Description of the task - Starting with the line that contains "Küchenschere von Kuppels, vielseitiges", copy each line exactly through the end of the listing, and omit all pictures.

Data section -
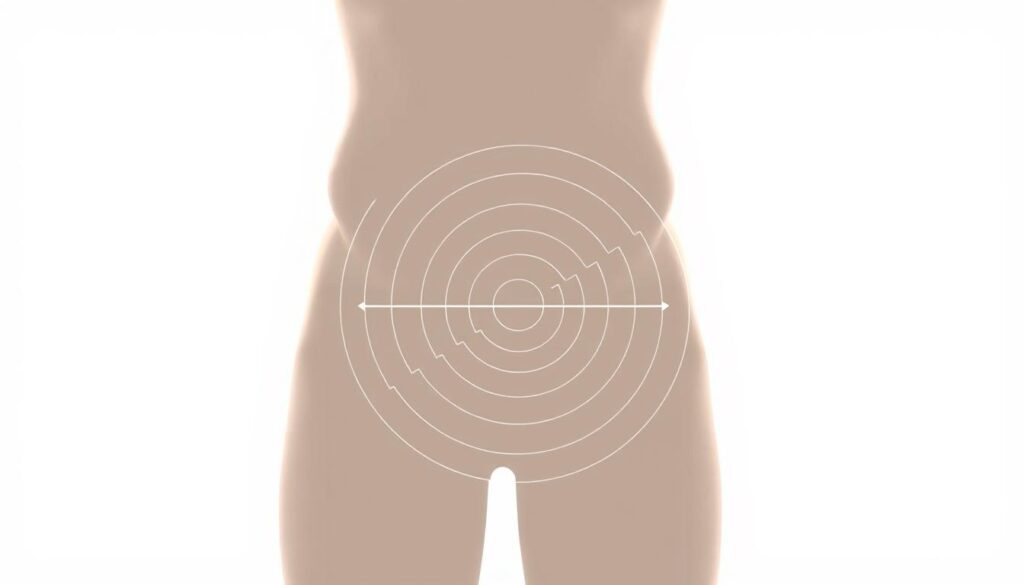 waist to height ratio health implications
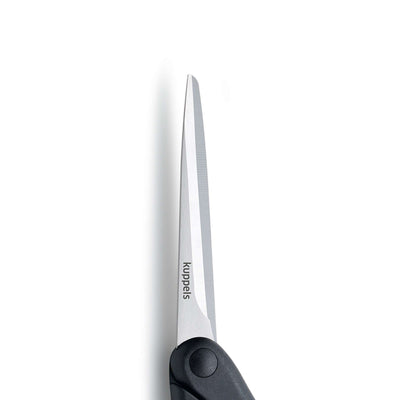 Küchenschere von Kuppels, vielseitiges Küchenmesser, schneidet Lebensmittel präzise, mit robustem Griff und scharber Klinge.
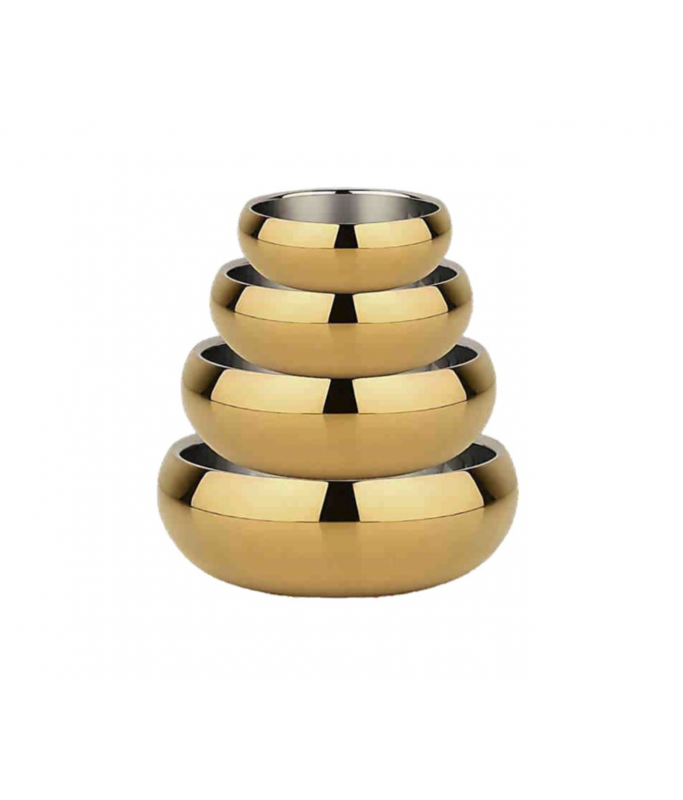 Petbroo Double Wall Bowl[Diameter - 18cm]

Result of this exercise -
 Küchenschere von Kuppels, vielseitiges Küchenmesser, schneidet Lebensmittel präzise, mit robustem Griff und scharber Klinge.
 Petbroo Double Wall Bowl[Diameter - 18cm]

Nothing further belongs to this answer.